In seiner *ProArt*-Serie hat *Asus* mit dem *PA279Q* einen neuen 27-Zoll-*Monitor* für höchste grafische Ansprüche vorgestellt. Der *Monitor* weist eine 14-bit *LUT* und eine 10-bit Farbausgabe auf und wird bereits vorkalibriert mit einer Farbgenauigkeit von *DeltaE* < 2 ausgeliefert. Er bietet eine *WideGamut*-Farbraumabdeckung von 99% *AdobeRGB*. Helligkeits- und Farbabweichungen wurden laut *Asus*kompensiert.Das *AH-IPS-Panel* des ergonomisch flexiblen Monitors verspricht somit eine hohe Farbkonsistenz und bietet mit seiner *WQHD*-Auflösung von 2560x1440 Pixeln viel Platz für detailreiche Bilder.
Aus der Einleitung bei Prad.

ArrayUnd das steht auf der Asus Homepage.

ArrayDas steht beim PG278Q, das sieht schon eher nach Gaming aus.


----------



## MaF5 (15. Dezember 2014)

Also ich habe gesehen, da gibt es schon diverse Kabel und Möglichkeiten, aber grob gesagt, ist es schwer. Der ROG ist ein reiner Gamer Monitor, alles andere kannste vergessen. Schau dir mal Acer Predator an, bei dem kannste alles, ist aber kein WQHD mehr. Ansonsten bin ich auch grad ratlos, vielleicht fällt jemanden anderen noch was ein.


----------



## JoM79 (15. Dezember 2014)

Welchen Acer Predator meinst du?
Und der PG278Q kann mehr als ur Gaming, es ist halt nur ein DP Anschluss vorhanden.


----------



## MaF5 (15. Dezember 2014)

Den Acer Predator XB270.
Ja, aber PS kann man nicht anschließen, Bidbearbeitung geht auch nicht und Filme gucken naja. Also ich finde den für einen Allrounder halt nicht so geeignet. Und das wird ja gesucht. Und dass nur der eine Anschluss vorhanden ist, ist wie gesagt ein echtes Hindernis.


----------



## JoM79 (15. Dezember 2014)

Warum sollte Filme gucken nicht gehen und Bildbearbeitung  würde durch eine Kalibrierung auch möglich sein.
Allerdings brauchst du da ein Colorimeter, aber das sollte sowieso Pflicht sein wenn man richtige Bildbearbeitung betreibt.
Und warum sollte Bildbearbeitung beim Acer XB270 besser gehen?


----------



## MaF5 (15. Dezember 2014)

TN und Filme gucken? Da der bessere Farbwerte hat.

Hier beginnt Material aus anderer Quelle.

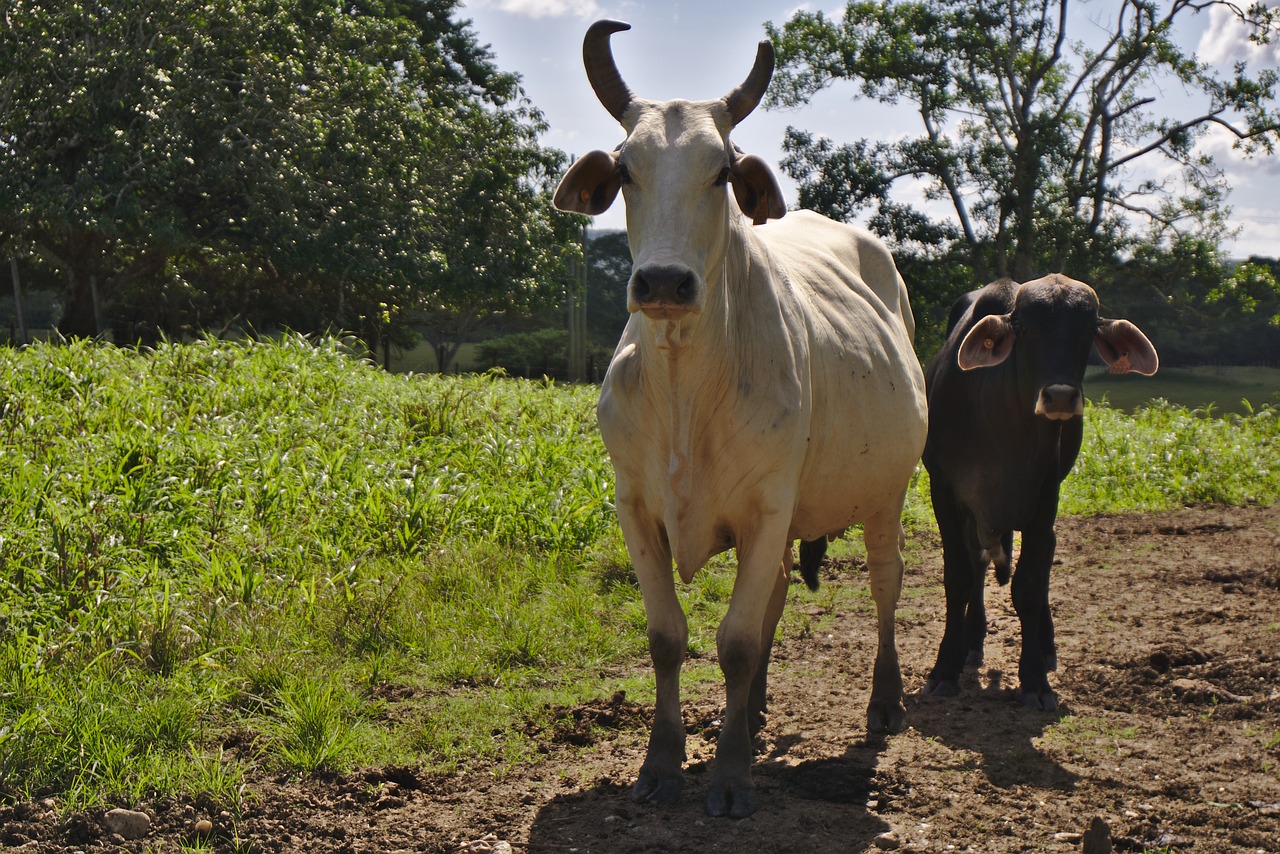 cattle livestock cow free photo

Richtig gut finde ich dafür auch nicht, deswegen den PA279Q. Aber beim Predator kann man wenigstens alles anschließen, da hat man die wenigsten Kompromisse, immerhin muss die PS ja noch mit dran und zusätzliches und der kann  Picture-in-Picture dann.


----------



## Jolly91 (15. Dezember 2014)

Ich hab den Eizo EV2736WFS und bin ganz zufrieden mit dem Monitor. Der erste bekam leider lautes Spulenfiepen. Die RMA erfolgte via Vor-Ort Austausch. Ingame habe ich bei schnellen Bewegungen eine Schlierenbildung aber, aber nicht immer. Der Monitor ist nicht hauptsächlich für´s zocken gedacht, sondern zur Video-, und Bildbarbeitung, und da bringt der Eizo 2736WFS seine Leistung. Aber zum Zocken wie BF4, oder Mittelerde ist der Monitor durchaus zu gebrauchen. Ein TN Panel war für mich ein K.O. Kriterium. 

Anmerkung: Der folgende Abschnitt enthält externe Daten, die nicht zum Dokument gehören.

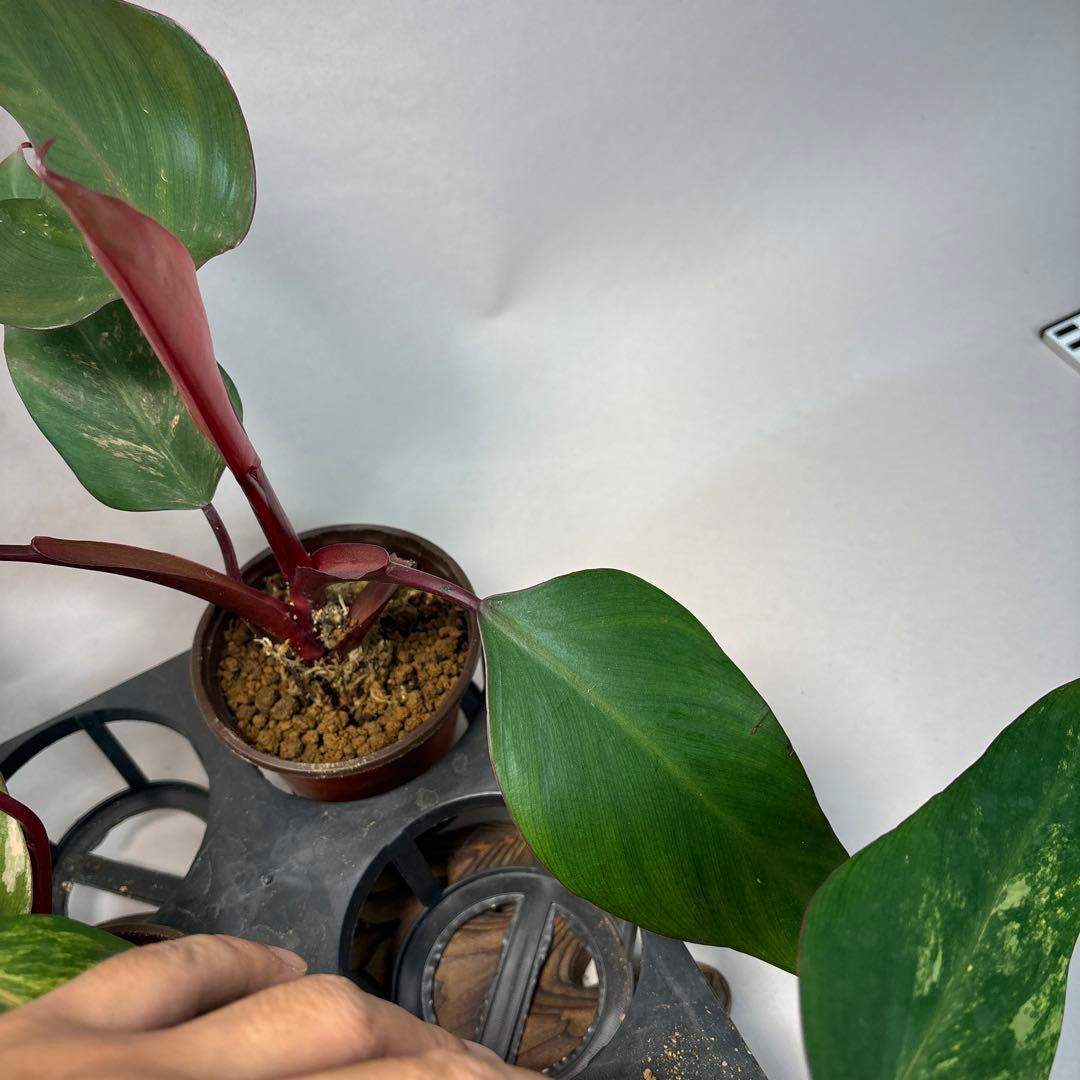 5株セットms140フィロデンドロン ストロベリー シェイク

Die Schlierenbildung beim ersten Monitor war im ersten Drittel, bei dem hier ist die im zweiten Drittel.


----------



## MaF5 (15. Dezember 2014)

Naja mit der Schlierenbildung ist ja auch nicht ganz so toll. Ich denke, dass da der Asus PA279Q wenigstens ein wenig besser wäre.


----------



## JoM79 (15. Dezember 2014)

Ich würde eher zum BenQ BL2710PT oder Asus PB278Q raten, die sind besser auf Gaming ausgelegt als der Asus PA279Q.


----------



## MaF5 (15. Dezember 2014)

Wie wärs dann mit dem BenQ GW2765 HT?


----------



## JoM79 (15. Dezember 2014)

Der hat nen Inputlag von knapp 20ms.
Wobei mir gerade auffällt, das tftcentral beim BenQ BL2710PT auch 20ms Inputlag gemessen hat, Prad aber nur 0,7ms.


----------



## DgitX (16. Dezember 2014)

Wow, vielen Dank für eure Hilfen und Mühen!
Nachdem ich mir jetzt mal alles durchgelesen habe, und nach den vielen Monitoren mal nachgeschaut habe, habe ich mich fast entschieden. Ich denke die besten für mich sind entweder der Asus PG278Q (mit Adapter) oder der Asus PB278Q. 
Könntet ihr so freundlich sein und mir da noch einmal helfen, wo die Vor- und Nachteile liegen und welcher unterm Strich am geeignetsten ist.  
Vielen Dank


----------



## JoM79 (16. Dezember 2014)

Also wenn es einer von beiden sein muss und du ne PS4 anschliessen willst, dann nimm den PB278Q.
Beim PG278Q ist das mit dem Adapter nicht wirklich gut.


----------



## DgitX (16. Dezember 2014)

Naja, also meine Überlegung war, alle BenQ-Modelle hatten ein starkes Inputlag, der Eizo hat Schlieren, also bleiben nur noch die beiden, grob gesagt.
Ich habe allerdings noch den Asus VN279QLB gefunden und der hört sich doch richtig gut, ist schnell hat nur ein ganz kurzes Inputlag (viel weniger als der andere Asus) und gute Farben und ist, so wie ich das sehe auch bei Testen gut weggekommen.
Ja mit dem Adapter und dann Umstöpseln oder ein Y- Stück ist nicht optimal, da gebe ich Dir Recht, aber er hört sich so gut an.


----------



## JoM79 (16. Dezember 2014)

Ein Inputlag von 0,7ms beim BenQ BL2710PT soll viel sein?
Was ist denn dann wenig?


----------



## DgitX (16. Dezember 2014)

Sorry, ich dachte da Du geschrieben hast, dass er bei einer anderen Messung 20ms statt 0,7ms hat, dass er doch nicht mehr so gut ist.
Und beim Asus VN279QLB habe ich mich vertan, er hat gar kein WQHD.


----------



## JoM79 (16. Dezember 2014)

Naja ich vertrau da eher auf Prad als auf tftcentral.


----------



## DgitX (16. Dezember 2014)

OK und ich vertraue Deinem Urteil


----------



## Gelöschtes Mitglied 123355 (16. Dezember 2014)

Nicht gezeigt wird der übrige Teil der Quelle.